— ASSIGNMENT —
Can you copy out the data exactly? Leave the images out.

— DATA BELOW —
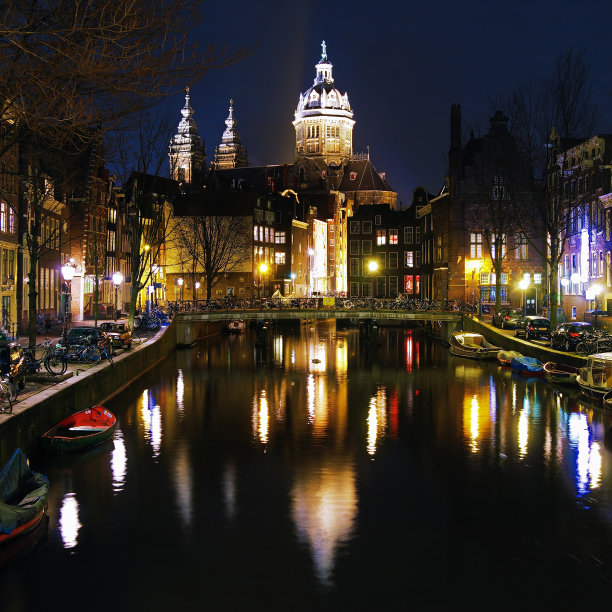 阿姆斯特丹圣尼古拉斯教堂的夜景图片下载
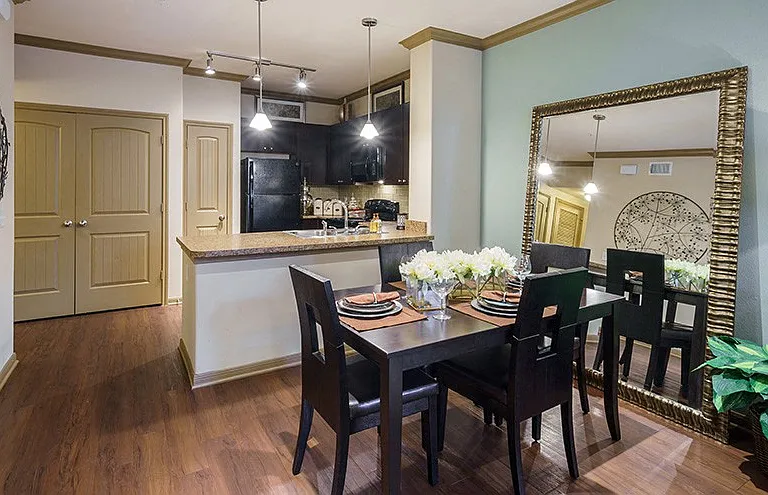 Northgate Oaks Apartments — Photo 10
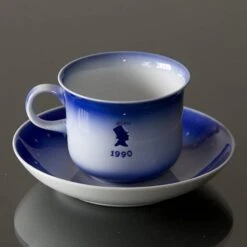 1990 Desiree Svend Jensen Hans Christian Andersen Christmas Cup With Saucer 11 1990 Desiree Svend Jensen Hans Christian Andersen Christmas Cup With Saucer -Outlet Rosenthal Store DK1990 d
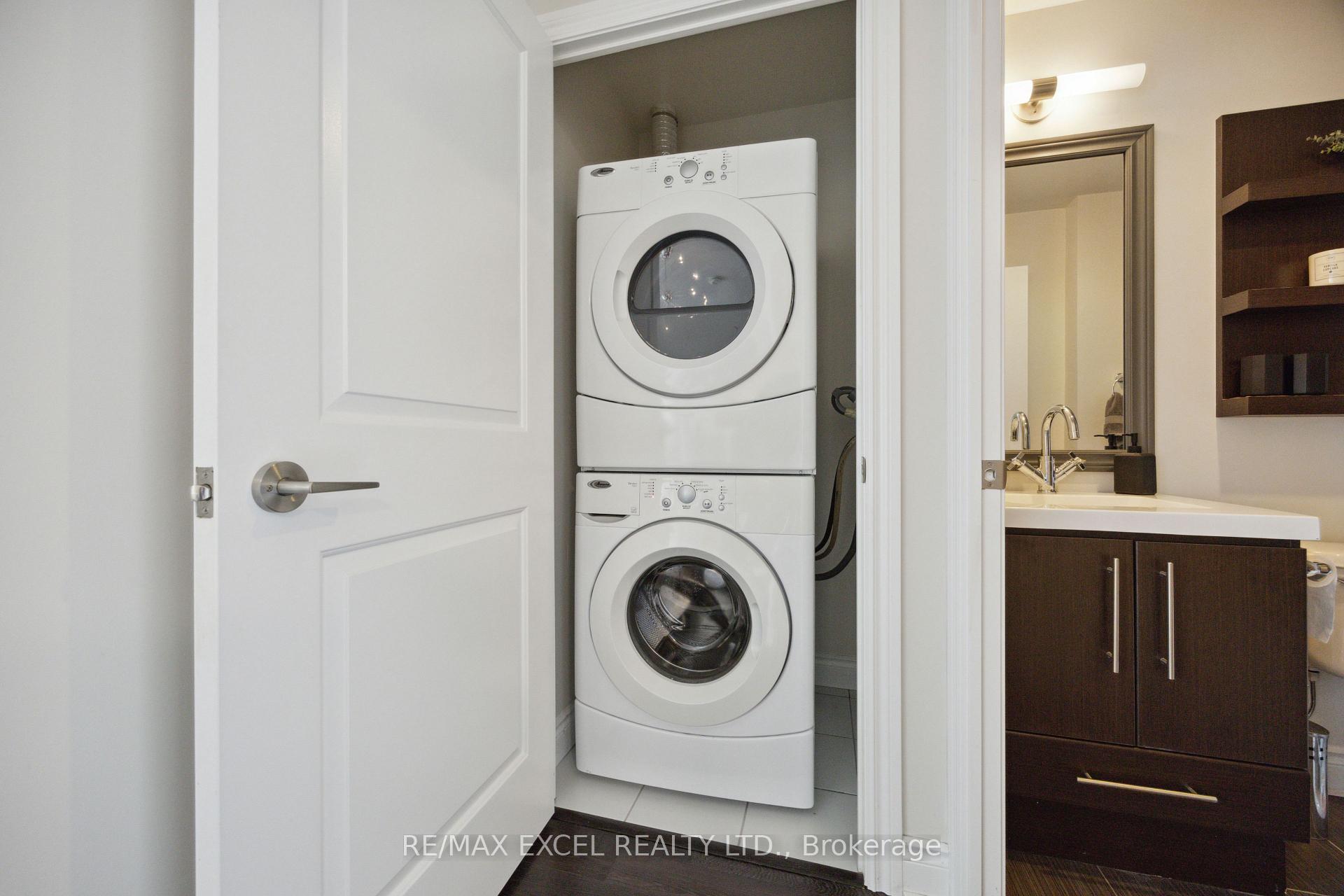 2 Bedrooms Condo at 90 Stadium, Toronto For sale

— THE COMPLETED TASK —
 阿姆斯特丹圣尼古拉斯教堂的夜景图片下载
 Northgate Oaks Apartments — Photo 10
 1990 Desiree Svend Jensen Hans Christian Andersen Christmas Cup With Saucer 11 1990 Desiree Svend Jensen Hans Christian Andersen Christmas Cup With Saucer -Outlet Rosenthal Store DK1990 d
 2 Bedrooms Condo at 90 Stadium, Toronto For sale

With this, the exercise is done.